Menurut Rita, sekitar 50 juta lebih warga Indonesia sehari-hari mengkonsumsi air kemasan bermerek. Dari total, 21 miliar liter produksi industri air kemasan per tahunnya, 22 persen di antaranya beredar dalam bentuk galon bekas pakai.

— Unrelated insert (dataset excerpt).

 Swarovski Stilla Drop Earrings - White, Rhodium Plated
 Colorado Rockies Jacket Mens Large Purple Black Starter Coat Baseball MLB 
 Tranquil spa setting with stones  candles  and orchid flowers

Dari yang terakhir, 96,4 persen berupa galon berbahan plastik polikarbonat.

“Artinya 96,4 persen itu mengandung BPA. Hanya 3,6 persen yang PET (kemasan Polyethylene Terephthalate yang bebas BPA),” kata Rita. “Inilah alasan kenapa BPOM memprioritaskan pelabelan risiko BPA pada galon guna ulang.”

Kepala BPOM Penny K. Lukito menyebut bahwa pelabelan kemasan galon yang mengandung BPA sangat diperlukan, agar publik mendapatkan hak mereka untuk mengetahui informasi produk yang mereka konsumsi.

"Pelabelan juga untuk mengantisipasi munculnya gugatan hukum terkait keamanan produk air kemasan yang tertuju pada pemerintah dan kalangan produsen di masa datang," kata Penny dalam sebuah sarasehan belum lama ini.

Menurut BPOM, sejumlah penelitian dan riset mutakhir yang dilakukan di berbagai negara, termasuk Indonesia, mengindikasikan BPA bisa memicu perubahan sistem hormon tubuh dan memunculkan gangguan kesehatan termasuk kemandulan, penurunan jumlah dan kualitas sperma, feminisasi pada janin laki-laki, gangguan libido dan sulit ejakulasi.

Paparan BPA dalam jangka waktu lama juga disebutkan bisa memicu gangguan penyakit tidak menular semisal diabetes dan obesitas, gangguan sistem kardiovaskular, gangguan ginjal kronis, kanker prostat dan kanker payudara. Sementara pada anak-anak, paparan BPA dapat memunculkan gangguan perkembangan kesehatan mental dan autisme.